Data security and privacy officials and advocates were among those testifying before the House Committee on Homeland Security at a hearing titled, “Advancing Innovation (AI): Harnessing Artificial Intelligence to Defend and Secure the Homeland.” The committee plans to include AI in legislation that it’s drafting, said chairman Mark E. Green (R-TN).

From cybersecurity and privacy threats to election interference and nation-state attacks, the hearing highlighted AI’s wide-ranging threats and the challenges of mounting a defense. Nonetheless, the four panelists at the hearing – representing technology and cybersecurity companies and a public interest group – put forth some ideas, both technological and regulatory.

Cybercrime Gets Easier

Much of the testimony – and concerns raised by committee members – focused on the advantages that AI has given cybercriminals and nation-state actors, advantages that cybersecurity officials say must be countered by increasingly building AI into products.

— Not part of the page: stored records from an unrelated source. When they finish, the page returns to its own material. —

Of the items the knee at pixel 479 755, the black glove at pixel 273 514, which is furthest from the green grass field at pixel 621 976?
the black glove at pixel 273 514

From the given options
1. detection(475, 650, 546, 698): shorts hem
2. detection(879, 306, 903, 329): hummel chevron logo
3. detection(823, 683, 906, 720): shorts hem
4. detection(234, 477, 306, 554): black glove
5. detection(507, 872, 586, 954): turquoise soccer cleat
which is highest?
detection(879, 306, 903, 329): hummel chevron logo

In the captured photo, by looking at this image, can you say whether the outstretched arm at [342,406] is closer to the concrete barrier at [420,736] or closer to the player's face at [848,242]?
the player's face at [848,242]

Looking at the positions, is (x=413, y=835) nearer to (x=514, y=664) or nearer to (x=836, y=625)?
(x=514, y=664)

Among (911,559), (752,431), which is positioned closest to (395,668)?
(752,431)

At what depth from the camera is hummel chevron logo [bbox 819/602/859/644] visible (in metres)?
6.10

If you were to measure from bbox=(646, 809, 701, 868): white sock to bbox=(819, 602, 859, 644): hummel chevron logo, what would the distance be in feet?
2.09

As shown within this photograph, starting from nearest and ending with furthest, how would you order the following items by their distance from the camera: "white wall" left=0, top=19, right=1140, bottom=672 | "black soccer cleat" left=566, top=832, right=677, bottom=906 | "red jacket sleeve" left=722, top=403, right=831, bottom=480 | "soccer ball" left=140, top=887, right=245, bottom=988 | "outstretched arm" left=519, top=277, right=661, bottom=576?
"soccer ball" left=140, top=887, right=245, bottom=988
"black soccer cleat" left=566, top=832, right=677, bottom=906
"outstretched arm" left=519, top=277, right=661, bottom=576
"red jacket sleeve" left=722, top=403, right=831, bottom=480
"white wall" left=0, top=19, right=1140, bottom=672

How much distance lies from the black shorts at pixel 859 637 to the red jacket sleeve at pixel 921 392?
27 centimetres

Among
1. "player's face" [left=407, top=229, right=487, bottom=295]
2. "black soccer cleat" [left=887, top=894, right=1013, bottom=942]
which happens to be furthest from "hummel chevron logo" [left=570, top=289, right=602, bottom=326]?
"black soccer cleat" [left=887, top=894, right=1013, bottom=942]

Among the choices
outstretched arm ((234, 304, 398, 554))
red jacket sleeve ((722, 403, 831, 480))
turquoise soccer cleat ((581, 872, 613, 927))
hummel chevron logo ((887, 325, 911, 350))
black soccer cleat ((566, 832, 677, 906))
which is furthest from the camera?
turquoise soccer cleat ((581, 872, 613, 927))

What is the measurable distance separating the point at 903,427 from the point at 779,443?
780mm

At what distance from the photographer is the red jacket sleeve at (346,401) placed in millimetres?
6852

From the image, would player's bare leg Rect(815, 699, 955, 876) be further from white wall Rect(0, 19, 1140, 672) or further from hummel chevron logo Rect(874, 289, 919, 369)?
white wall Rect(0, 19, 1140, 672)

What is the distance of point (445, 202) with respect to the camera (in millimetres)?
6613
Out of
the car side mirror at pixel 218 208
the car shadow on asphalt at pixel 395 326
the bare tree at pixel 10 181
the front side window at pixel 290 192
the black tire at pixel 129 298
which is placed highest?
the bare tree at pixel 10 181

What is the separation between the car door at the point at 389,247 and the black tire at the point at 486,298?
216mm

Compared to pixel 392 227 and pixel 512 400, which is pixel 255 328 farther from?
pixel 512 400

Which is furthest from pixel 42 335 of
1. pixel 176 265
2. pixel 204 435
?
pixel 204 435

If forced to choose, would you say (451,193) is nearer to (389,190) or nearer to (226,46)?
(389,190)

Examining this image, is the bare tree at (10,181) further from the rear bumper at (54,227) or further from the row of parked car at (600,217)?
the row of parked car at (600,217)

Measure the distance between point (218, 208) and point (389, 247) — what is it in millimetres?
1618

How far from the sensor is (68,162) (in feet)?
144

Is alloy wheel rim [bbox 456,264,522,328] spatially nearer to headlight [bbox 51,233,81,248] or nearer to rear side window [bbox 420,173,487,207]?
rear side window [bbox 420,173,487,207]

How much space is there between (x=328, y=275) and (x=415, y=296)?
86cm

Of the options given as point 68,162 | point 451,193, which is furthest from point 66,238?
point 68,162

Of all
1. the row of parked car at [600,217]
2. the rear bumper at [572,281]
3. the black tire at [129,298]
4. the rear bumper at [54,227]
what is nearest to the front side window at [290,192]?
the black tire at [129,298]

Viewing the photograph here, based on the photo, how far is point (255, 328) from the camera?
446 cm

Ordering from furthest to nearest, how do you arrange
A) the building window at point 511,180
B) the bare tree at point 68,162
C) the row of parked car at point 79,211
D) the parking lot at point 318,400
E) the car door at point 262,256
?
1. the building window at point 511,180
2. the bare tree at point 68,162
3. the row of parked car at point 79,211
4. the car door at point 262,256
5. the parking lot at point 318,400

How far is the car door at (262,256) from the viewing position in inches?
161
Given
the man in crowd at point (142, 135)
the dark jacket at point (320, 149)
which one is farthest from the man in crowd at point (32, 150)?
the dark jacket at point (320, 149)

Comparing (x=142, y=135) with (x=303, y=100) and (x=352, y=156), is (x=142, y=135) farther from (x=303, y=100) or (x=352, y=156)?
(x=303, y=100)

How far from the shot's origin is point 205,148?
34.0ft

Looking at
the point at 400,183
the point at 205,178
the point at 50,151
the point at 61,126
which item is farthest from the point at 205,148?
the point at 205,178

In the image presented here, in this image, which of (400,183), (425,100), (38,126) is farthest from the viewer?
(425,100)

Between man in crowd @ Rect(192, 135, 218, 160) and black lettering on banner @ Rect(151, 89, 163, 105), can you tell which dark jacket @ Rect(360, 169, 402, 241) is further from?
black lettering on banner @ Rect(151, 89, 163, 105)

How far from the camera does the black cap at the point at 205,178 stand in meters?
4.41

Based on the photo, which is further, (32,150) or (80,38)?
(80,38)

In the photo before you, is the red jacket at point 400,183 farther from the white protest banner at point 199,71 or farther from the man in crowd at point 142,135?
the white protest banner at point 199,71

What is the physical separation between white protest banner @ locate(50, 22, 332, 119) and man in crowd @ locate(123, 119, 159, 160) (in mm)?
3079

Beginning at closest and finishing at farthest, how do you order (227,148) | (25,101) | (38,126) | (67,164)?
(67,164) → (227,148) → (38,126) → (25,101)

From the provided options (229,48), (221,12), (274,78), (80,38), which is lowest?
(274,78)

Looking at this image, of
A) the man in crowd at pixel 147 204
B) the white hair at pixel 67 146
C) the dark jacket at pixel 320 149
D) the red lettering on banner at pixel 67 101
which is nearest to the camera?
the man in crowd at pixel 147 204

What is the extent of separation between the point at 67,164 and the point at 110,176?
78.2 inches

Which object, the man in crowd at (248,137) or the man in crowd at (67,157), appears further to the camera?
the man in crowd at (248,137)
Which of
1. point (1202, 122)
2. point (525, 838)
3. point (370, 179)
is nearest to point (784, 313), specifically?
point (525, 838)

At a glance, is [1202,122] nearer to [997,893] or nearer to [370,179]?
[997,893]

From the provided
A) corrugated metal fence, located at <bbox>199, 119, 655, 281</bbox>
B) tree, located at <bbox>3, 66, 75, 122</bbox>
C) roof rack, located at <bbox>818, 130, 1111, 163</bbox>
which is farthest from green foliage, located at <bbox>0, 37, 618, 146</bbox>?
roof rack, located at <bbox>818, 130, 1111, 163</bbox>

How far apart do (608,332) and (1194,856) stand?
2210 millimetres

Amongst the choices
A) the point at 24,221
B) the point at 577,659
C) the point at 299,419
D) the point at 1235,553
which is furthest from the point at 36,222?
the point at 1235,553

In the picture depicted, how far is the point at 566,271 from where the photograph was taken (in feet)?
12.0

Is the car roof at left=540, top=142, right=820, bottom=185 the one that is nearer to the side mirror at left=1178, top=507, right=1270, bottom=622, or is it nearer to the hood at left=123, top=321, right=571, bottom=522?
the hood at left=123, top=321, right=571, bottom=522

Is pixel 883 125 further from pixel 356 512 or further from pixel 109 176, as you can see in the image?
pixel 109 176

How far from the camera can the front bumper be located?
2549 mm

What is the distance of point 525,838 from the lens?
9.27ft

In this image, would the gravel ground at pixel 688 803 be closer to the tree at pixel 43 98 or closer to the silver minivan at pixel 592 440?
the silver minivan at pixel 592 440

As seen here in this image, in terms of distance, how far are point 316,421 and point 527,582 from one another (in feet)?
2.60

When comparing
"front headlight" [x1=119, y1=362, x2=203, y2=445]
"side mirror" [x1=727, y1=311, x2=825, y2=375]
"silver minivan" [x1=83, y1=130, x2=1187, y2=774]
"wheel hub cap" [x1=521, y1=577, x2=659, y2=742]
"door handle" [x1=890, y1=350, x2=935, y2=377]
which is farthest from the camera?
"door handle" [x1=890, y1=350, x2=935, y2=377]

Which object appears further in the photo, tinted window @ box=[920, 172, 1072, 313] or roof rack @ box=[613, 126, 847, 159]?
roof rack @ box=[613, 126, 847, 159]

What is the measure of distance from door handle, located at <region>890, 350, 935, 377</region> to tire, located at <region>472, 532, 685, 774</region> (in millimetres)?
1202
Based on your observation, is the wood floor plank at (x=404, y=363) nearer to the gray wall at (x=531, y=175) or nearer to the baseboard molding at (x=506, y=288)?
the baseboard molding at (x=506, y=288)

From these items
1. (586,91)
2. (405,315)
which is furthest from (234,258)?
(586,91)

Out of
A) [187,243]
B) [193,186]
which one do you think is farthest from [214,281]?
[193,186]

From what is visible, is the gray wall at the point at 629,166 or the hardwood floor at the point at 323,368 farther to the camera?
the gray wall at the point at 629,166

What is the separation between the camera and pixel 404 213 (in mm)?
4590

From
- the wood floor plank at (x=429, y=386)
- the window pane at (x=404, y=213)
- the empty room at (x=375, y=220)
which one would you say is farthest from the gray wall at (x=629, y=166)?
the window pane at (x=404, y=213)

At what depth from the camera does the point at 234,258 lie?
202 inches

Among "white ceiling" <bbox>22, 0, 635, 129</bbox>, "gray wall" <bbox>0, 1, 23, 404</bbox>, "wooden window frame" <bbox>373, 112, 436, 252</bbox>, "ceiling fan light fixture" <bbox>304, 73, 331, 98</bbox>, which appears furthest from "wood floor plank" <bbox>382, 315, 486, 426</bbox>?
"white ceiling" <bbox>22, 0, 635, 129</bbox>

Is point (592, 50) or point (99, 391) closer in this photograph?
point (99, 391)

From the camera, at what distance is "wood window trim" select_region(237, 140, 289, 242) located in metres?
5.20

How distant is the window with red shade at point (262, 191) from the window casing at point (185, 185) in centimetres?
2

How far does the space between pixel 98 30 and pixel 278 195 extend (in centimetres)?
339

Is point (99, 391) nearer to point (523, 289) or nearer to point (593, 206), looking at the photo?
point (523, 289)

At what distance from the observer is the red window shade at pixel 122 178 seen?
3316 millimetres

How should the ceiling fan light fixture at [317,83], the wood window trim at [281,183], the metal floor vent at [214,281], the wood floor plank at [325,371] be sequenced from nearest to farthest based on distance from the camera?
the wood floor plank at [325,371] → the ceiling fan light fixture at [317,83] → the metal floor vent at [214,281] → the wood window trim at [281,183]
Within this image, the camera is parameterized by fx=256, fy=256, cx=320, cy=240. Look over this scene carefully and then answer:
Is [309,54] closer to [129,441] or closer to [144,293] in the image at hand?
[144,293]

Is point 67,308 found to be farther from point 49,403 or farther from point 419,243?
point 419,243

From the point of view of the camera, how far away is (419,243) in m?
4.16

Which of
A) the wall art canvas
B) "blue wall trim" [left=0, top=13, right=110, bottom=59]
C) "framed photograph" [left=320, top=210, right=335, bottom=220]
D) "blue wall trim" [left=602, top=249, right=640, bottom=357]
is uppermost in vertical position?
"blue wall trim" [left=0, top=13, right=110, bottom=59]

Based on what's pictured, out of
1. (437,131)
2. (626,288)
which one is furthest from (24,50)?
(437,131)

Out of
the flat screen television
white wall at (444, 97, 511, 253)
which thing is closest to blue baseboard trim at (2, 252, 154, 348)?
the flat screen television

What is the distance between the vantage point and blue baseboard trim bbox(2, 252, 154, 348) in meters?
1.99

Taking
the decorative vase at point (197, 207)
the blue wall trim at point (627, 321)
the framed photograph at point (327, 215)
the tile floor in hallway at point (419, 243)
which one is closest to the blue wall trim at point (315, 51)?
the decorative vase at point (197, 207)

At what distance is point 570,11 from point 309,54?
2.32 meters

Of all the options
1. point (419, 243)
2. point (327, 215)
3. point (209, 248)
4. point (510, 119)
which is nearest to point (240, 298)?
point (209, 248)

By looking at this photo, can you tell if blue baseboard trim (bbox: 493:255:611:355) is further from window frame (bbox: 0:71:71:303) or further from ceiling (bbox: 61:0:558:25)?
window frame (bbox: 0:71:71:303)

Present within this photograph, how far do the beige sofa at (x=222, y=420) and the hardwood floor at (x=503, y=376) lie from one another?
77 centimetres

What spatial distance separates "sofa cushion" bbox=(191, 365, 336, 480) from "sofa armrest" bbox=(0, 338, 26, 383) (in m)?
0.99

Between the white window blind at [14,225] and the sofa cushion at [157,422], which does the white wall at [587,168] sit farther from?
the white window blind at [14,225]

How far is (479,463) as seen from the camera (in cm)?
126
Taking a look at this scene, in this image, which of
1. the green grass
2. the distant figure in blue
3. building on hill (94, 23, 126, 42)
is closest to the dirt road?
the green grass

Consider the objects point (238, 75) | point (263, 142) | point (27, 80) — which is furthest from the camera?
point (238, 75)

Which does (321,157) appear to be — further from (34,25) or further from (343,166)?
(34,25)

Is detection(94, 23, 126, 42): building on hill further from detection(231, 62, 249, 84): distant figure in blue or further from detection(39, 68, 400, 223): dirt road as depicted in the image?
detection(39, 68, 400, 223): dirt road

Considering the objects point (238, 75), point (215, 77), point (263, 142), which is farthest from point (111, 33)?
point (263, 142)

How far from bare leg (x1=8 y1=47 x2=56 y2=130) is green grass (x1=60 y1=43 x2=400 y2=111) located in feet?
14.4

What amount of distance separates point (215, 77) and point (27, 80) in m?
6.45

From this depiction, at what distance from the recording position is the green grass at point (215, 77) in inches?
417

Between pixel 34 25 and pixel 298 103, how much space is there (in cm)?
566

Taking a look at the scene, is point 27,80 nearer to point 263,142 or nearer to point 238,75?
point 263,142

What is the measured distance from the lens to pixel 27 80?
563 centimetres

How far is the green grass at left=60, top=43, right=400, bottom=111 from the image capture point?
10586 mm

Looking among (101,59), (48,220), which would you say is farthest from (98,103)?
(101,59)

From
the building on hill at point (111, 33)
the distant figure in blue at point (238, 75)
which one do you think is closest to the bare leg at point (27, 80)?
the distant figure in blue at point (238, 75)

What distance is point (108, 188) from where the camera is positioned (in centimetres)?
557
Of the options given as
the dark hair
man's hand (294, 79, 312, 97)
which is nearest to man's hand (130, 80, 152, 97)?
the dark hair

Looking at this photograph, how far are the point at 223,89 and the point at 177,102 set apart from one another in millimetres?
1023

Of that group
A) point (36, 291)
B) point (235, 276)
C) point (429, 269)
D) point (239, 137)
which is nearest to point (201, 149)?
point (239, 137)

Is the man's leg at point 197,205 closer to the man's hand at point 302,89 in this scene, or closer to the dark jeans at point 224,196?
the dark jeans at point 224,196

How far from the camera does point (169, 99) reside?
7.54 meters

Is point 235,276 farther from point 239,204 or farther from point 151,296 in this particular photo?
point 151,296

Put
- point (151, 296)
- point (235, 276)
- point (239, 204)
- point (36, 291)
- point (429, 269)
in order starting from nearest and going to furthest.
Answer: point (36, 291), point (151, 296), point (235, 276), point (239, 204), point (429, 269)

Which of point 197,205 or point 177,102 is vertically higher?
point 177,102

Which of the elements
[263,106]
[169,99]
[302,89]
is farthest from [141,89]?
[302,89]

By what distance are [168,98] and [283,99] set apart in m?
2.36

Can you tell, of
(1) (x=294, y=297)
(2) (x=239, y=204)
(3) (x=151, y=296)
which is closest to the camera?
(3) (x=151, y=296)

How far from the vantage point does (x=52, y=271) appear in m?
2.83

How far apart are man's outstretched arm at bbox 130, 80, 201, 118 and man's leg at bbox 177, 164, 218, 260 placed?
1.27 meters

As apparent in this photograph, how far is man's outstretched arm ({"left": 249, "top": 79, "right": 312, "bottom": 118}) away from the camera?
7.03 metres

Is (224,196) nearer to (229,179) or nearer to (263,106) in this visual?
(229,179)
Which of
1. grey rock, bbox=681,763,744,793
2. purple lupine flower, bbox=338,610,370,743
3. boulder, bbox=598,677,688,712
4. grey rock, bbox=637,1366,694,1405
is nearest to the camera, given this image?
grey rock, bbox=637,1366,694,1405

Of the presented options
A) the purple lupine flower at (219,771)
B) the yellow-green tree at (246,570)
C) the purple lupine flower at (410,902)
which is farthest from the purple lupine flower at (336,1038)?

“AI is democratizing the threat landscape by providing any aspiring cybercriminal with easy-to-use, advanced tools capable of achieving sophisticated outcomes,” said Ajay Amlani, senior vice president at biometric company iProov.

“The crime as a service dark web is very affordable. The only way to combat AI-based attacks is to harness the power of AI in our cybersecurity strategies.”

AI can also help cyber defenders make sense of the overwhelming amount of data and alerts they have to contend with, said Michael Sikorski, CTO of Palo Alto Networks’ Unit 42. “To stop the bad guys from winning, we must aggressively leverage AI for cyber defense,” said Sikorski, who detailed some of the “transformative results” customers have achieved from AI-enhanced products.

“Outcomes like these are necessary to stop threat actors before they can encrypt systems or steal sensitive information, and none of this would be possible without AI,” Sikorski added.

Sikorski said organizations must adopt “secure AI by design” principles and AI usage oversight. “Organizations will need to secure every step of the AI application development lifecycle and supply chain to protect AI data from unauthorized access and leakage at all times,” he said, noting that the principles align with the NIST AI risk management framework released last month.

Election Security and Disinformation Loom Large

Ranking member Bennie Thompson (D-MS) asked the panelists what can be done to improve election security and defend against interference, issues of critical importance in a presidential election year.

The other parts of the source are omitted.